ABD’nin İran yaptırımları Türkiye’yi nasıl etkileyecek?

İlter TURAN
İlter TURAN SİYASET PENCERESİ dunyaweb@dunya.com

ABD, 7 Ağustos'ta, İran'a karşı 2015 yılında imzalanan nükleer anlaşma kapsamında hafifletilen yaptırımların ilk kademesini yeniden devreye soktu. Yaptırımların ilk kademesi ABD dolarıyla gerçekleştirilen otomotiv endüstrisi, ticari uçak satın alınması, altının da dahil olduğu kıymetli maden ticaretiyle ilgili finansal işlemleri kapsıyor. Bu beklenen bir hamleydi. Kasım ayında İran petrol sektörünü hedef alan ek yaptırımların uygulamaya konması bekleniyor. Amerika’nın İran’a karşı tek taraflı adımları Türkiye’nin de aralarında olduğu ABD'li müttefikler arasında bazı ciddi sorunlara neden oldu. Uzmanlar İran'ı tecrit politikasına geri dönülmesinin dünyayı daha az güvenli kılacağını ve Orta Doğu’yu daha da istikrarsızlaştıracağını söylüyorlar. Peki yaptırımların ardındaki mantık nedir ve yaptırımlar Türkiye'yi nasıl etkileyecektir?

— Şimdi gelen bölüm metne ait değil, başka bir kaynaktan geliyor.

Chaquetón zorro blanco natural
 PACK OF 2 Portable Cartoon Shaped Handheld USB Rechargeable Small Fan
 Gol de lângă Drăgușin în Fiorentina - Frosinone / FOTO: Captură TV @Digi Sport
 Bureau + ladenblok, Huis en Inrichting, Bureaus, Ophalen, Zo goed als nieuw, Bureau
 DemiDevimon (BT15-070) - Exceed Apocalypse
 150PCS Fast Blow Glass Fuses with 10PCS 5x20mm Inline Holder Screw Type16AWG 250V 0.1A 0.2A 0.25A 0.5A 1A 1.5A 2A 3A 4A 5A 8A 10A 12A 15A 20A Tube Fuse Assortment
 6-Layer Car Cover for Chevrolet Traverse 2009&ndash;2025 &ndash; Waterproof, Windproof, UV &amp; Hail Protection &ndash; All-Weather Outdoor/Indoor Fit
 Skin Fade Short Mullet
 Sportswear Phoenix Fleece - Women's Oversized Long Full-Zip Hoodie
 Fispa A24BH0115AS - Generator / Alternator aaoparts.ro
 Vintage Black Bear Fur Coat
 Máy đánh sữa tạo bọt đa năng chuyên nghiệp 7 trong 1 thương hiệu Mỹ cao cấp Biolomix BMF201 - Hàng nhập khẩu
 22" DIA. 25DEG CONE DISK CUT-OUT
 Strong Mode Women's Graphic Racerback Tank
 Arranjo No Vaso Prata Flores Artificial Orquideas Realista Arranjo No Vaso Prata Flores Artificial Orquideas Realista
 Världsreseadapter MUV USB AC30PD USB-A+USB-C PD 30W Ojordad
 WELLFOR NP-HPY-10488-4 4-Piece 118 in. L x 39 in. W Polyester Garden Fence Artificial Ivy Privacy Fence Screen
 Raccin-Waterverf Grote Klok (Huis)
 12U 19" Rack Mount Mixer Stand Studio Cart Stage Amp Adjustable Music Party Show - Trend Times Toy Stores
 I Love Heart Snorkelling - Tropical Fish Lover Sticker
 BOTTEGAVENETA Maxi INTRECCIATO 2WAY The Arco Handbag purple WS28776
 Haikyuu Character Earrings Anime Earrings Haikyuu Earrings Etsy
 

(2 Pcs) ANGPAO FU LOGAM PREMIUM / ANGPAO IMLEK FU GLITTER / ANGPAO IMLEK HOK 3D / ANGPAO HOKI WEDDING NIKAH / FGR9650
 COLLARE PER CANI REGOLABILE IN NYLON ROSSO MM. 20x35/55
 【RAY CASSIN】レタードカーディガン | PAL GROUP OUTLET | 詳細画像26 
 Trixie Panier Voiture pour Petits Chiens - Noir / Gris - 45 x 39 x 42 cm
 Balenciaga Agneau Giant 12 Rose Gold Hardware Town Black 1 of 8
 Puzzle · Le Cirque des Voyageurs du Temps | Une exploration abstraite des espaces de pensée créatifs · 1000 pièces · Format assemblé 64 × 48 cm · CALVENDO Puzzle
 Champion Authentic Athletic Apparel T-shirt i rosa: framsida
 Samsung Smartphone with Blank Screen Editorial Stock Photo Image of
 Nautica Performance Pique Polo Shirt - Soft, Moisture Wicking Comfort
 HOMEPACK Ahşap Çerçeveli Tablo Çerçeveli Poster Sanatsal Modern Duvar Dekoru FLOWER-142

Öncelikle İran'a bakalım: Sizce, yaptırımların İran’ın iç siyaseti ve toplumu üzerindeki etkisi ne olacaktır?

İlk olarak, yaptırımlar İran toplumunun zaten iktisadi zorlukların ortasında olduğu bir dönemde geldiğinden, ülkenin yaşadığı ekonomik zorlukları daha da arttıracaktır. İranlı bir iktisatçının tahminine göre, son yaptırımlar ülkede bir milyon insanı daha işsiz bırakabilecektir. İran Riyali'nin değeri sürekli düşmektedir. Son zamanlarda hükümet aleyinde iktisadi sıkıntılardan kaynaklanan protesto gösterileri düzenleniyor. Ambargonun başlangıçtaki etkisi, İran hükümetindeki ılımlı unsurlar için hayatın daha da zorlaşması olacaktır. Ilımlılar cephesi, nükleer meselede muhafazakarlar tarafından Batı'ya çok fazla ödün vermekle zaten suçlanıyor ve Batı'nın her durumda güvenilmez olduğu iddiaları ileri sürülüyordu.. Kısaca, ilk etki ılımlılar için iktisadi ve siyasi zorlukların artması olacaktır ki bu, muhafazakarların son yıllarda kaybettikleri üstünlüğü ele geçirmelerine imkan sağlayabilir.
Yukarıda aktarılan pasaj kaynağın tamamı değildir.